When you’re reporting, you need to spend time with people, and you need people to feel comfortable with you. That’s always a process. But, like I said, the Osage were — I’m hesitating, because I hate to speak for other people, you know? I didn’t ever ask them, Why are you talking to me? But I do think there was a collective sense that this history had been largely forgotten by the rest of the country, if it was ever even known. The Osage know their history intimately, and are understandably upset that it has been excised from our broader American narrative. Of course, in several cases, they had cases they personally wanted investigated, and would give me trails of evidence in the hope that I could find answers.
What did Osage Nation think of the book? I ask because there’s sometimes a feeling among journalists that when the story’s done, the story’s done, and you try not to think about how the subjects feel about it.
You always think about it. Reporting and writing is a great blessing, because you get to go out in the world, you get to meet people, you get to hear people’s stories. You get to learn. You’re constantly on a journey of learning. But you’re also taking people’s stories, and trying to tell them as faithfully as possible. That’s true in any story I write. And it’s a difficult thing because, as a reporter and writer, your ultimate bond is to the truth, wherever that takes you.
In a case like this, there may be some descendants of some of the murderers, including people I’ve identified by name, who are not going to be happy. Some of these descendants have even remained in the area. But your responsibility to any story is to do it as faithfully and as sensitively as possible, even if it makes people uncomfortable.
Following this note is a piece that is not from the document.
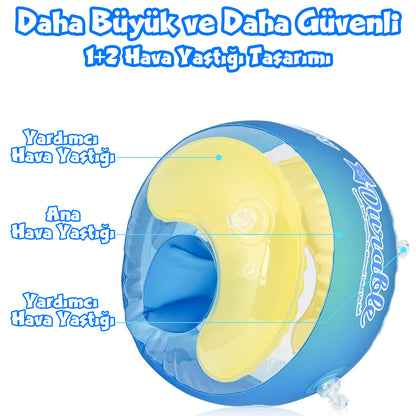 Circle Toys 1-4 Yaş Yüzme Kolluğu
Did any descendants of the murderers talk to you?
Yes. What was interesting was how honest they were. Most of them were candid about what they knew, at least in this particular family. They did not deny things. They didn’t necessarily know the breadth of everything.
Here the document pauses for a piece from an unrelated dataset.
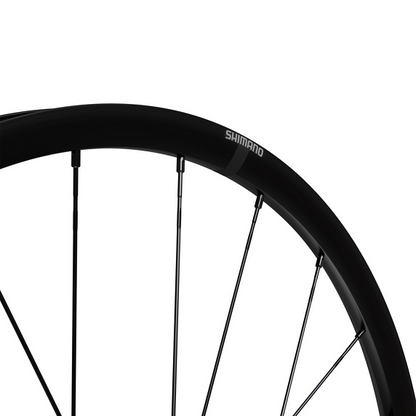 Ruota Anteriore SHIMANO GRX WH-RX180 700c Tubeless Ready (Center Lock)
I got a surprising note from a descendant. He said he was the last male in the family chain of his murderous progenitor, and he expressed deep remorse for what his ancestors had done. He asked me if, when I met with the Osage, I would pass along his remorse. I was quite struck by that.
When we first talked about this book in March 2013, you’d written 1,000 words. How did you think this project would play out?
I knew it would be difficult. I always say this, as a proviso: In our business, you get no points for difficulty. The work can be just as good if it’s easy — if somebody calls you up and gives you a great scoop — as if you spend five years trying to get the material to tell it. Killers of the Flower Moon was hard because it was so historical. It was, in many ways, the first pure piece of history I’ve done.
It’s the story of an incredibly sinister crime — a true racial injustice. I did not want this to be simply a cataloging of the dead. And I didn’t want it to be cursory. For the most part, when these murders had been written about — if they were mentioned at all — there was no sense of who these people were, or what their lives were like. You never got close to their consciousness or their souls. That’s what I set out to do.